また、柴田のストイックな編集法を鑑み、私の注は、どうしても必要と判断したもののみとした。幸い、有意な部分は私が既に電子化注したものがあるので、それをリンクさせてもいる。但し、この原本は新字新仮名であるため、私が電子化していない引用文の原本に当たることが出来たものは、極力、視認出来るように、国立国会図書館デジタルコレクションや他のデータベースの当該部をリンクさせるように努めた。
なお、辞典形式であるので、各項目を各個に電子化する。公開は基本、相互の項目に連関性がないものが多いので、一回一項或いは数項程度とする。]
金霊【かねたま】 〔兎園小説第七集〕今茲《こんじ》乙酉<文政八年>春三月、房州朝夷郡大井村五反目の丈助といふ百姓、朝五時ころ苗代を見んとて立ち出でて、こゝかしこ見過し居たるをり、青天に雷の如く響きて、五六間後の方へ落ちたる様なれば、丈助驚きながらも、早くその処に至り見れば穴あり。手拭を出だしてその穴をふさぎ、おさへて廻りを掘りかゝり見れば、五寸程埋まりて光明赫奕《こうみやうかくやく》たる鶏卵の如き玉を得たり。これ所謂かね王なるべしとて、急ぎ我家へ持ち帰り、けふ測らずもかゝる名玉を得たりとて、人々に見せければ、これやまさしくかね玉ならん、追々富貴《ふうき》になられんとて、見る人これを羨みける。丈助も喜びて、いよいよ秘蔵しけるとぞ。この丈助は日ごろ正直なる故、かゝるめぐみもありしならんと、きのふ房州より来て、わが巷《ちまた》を訪《おとな》ひける堂村の喜兵衛といふ人の物がたりしまゝけふの兎園にしるし出だすになん。

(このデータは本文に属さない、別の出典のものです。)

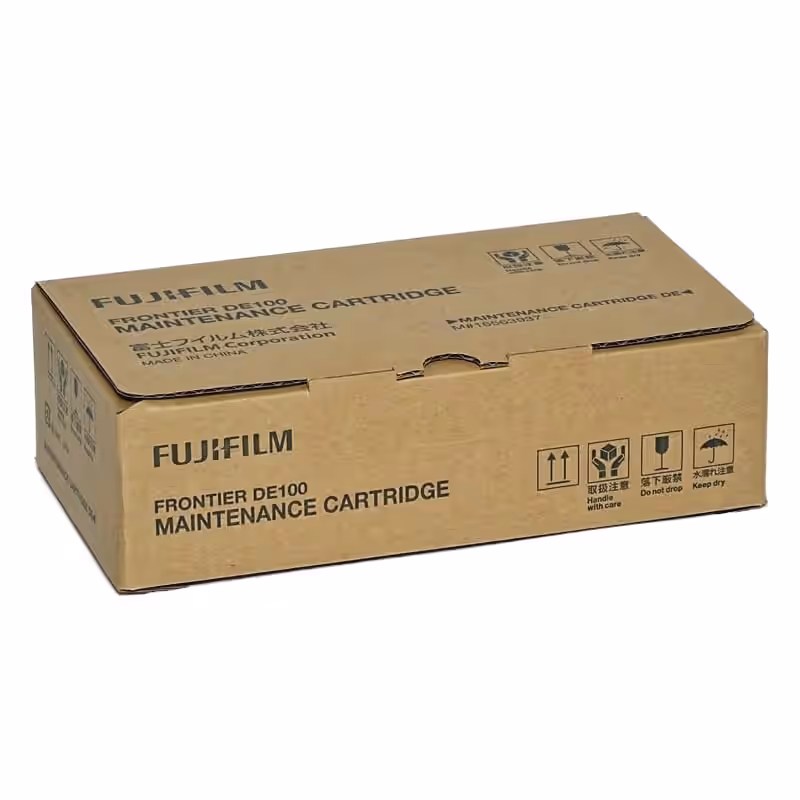 FUJI Maintenance- / Wartungstank für DE 100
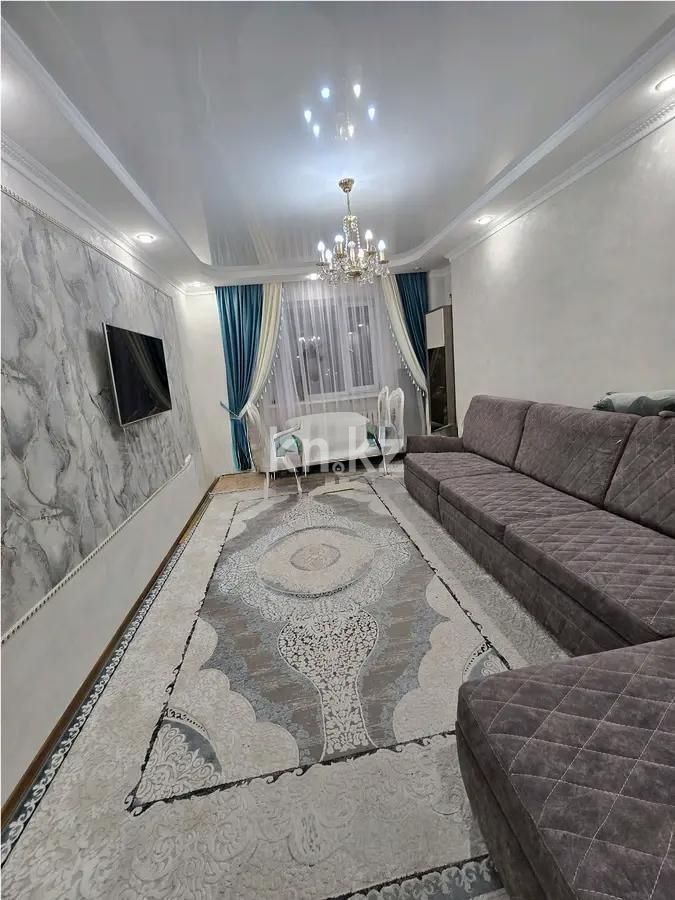 Продажа 3-комнатной квартиры, 80 м², ул. Рыскулбекова, дом  16 - Продажа квартир в новостройках Астаны без посредников с фото фото 1 из 4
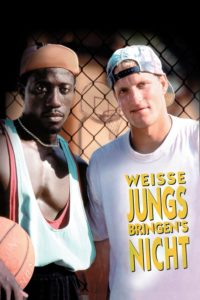 Plakat von "Weiße Jungs bringen's nicht"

[やぶちゃん注:私の二〇二一年九月に公開した『曲亭馬琴「兎園小説」(正編) 金靈幷鰹舟事』が正規表現の引用元で、その前半がそれ。なお、私は先んじて二〇一七年に、「柴田宵曲 妖異博物館 異玉」の電子化で、原拠の活字起こしをしており、注も附しているので、そちらを、まず、読んでからの方がよかろう。因みに、私はブログ・カテゴリ「兎園小説」で、昨年末に曲亭馬琴の「兎園小説」(本正篇)・「兎園小説外集」・「兎園小説別集」・「兎園小説余禄」・「兎園小説拾遺」全篇電子化注を完遂している。]